There is a lot of debate [arguing] about a variety of ways that churches choose to operate. What version of the Bible can one use, what style of music should be played, how many times Communion should be offered, what style of dress is appropriate, should there be a flag in the place of worship, can women serve Communion or pray, etc. ad infinitum. Most of the debates are secondary issues - not ones that stand at the fore of debate worthy. We need energy in other places than our navel (where we tend to be gazing most of the time these things are discussed). And most of these type of issues stem from the idea that whatever has preceded now is what is right - the "ancient paths" so to speak. "We have always done it that way" is usually the battle cry of the Ancient Path contingent.
But here is where we miss it. The Ancient Paths have changed. Not fundamentally mind you, it is still the same path - it just looks different. Sometimes it looks the same - untouched by time. Other times, it might take a moment to recognize but, alas, there it is. While others sometimes require all of our imagination because they look so different. And I would offer that this is not a bad thing - it is good. God made a changing world. God made a changing humanity. And the Creator God will always be, by nature, creative - so that means that the paths we take to accomplish His purposes will look different even though our feet are walking on the same ground of those who preceded us. It is not about trampling them, it is about walking in, or near, their footsteps. Interestingly, it is the same thing that was done by the previous generation to the generation that preceded them.
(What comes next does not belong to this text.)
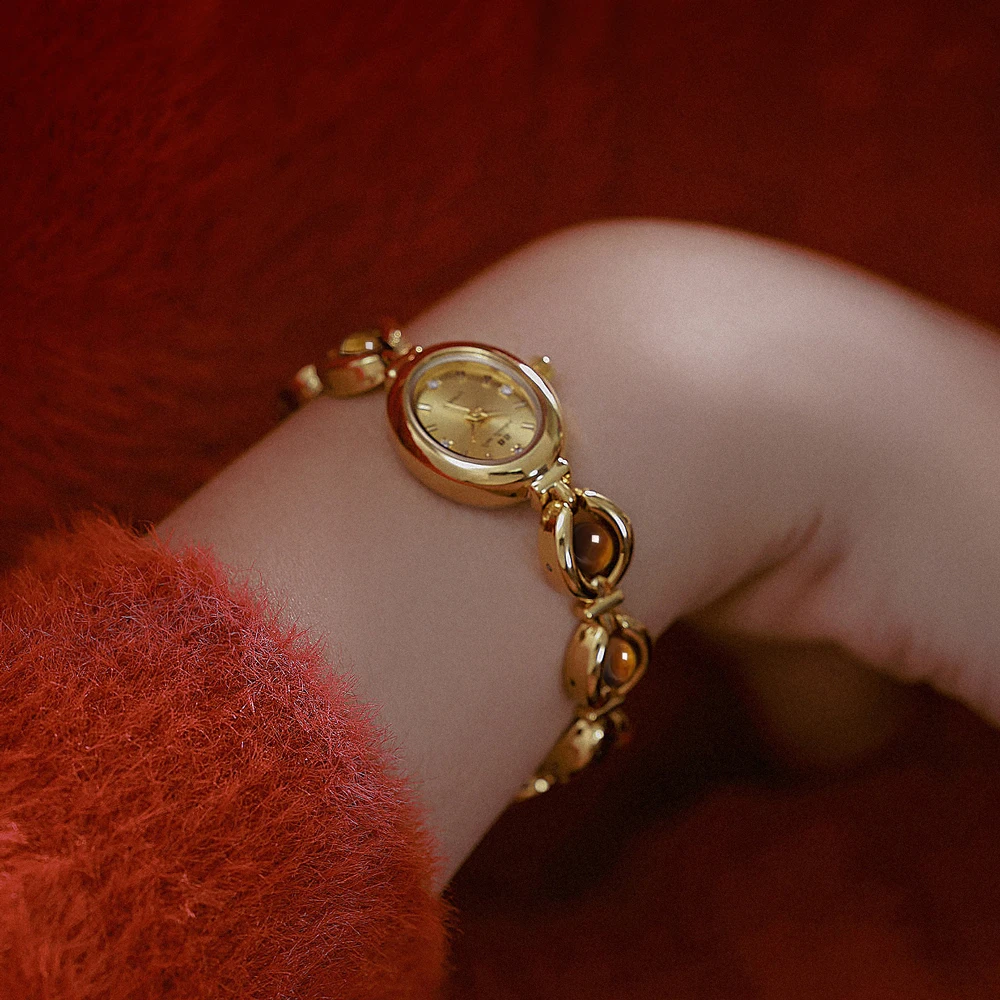 

Women's Watches Small Oval Dial Silver Natural Ore Quartz Watch Luxury Vintage Ladies Dress Bracelet Watches For Woman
My prayer is that the forms of the paths, whatever they look like, won't be the primary issue. The issue is whether or not we stay faithful to the ancient path itself. Jesus is Lord - period. The Church is to exist for the mission of every man, woman, and child hearing, seeing, and living the good news of Christ - period. God's Word is alive - period. Jesus is the only means of salvation for humanity - period.
There are more to be sure, but let's try to stay on this path. It may look different as we travel down it and explain it to others, but, alas, there it is.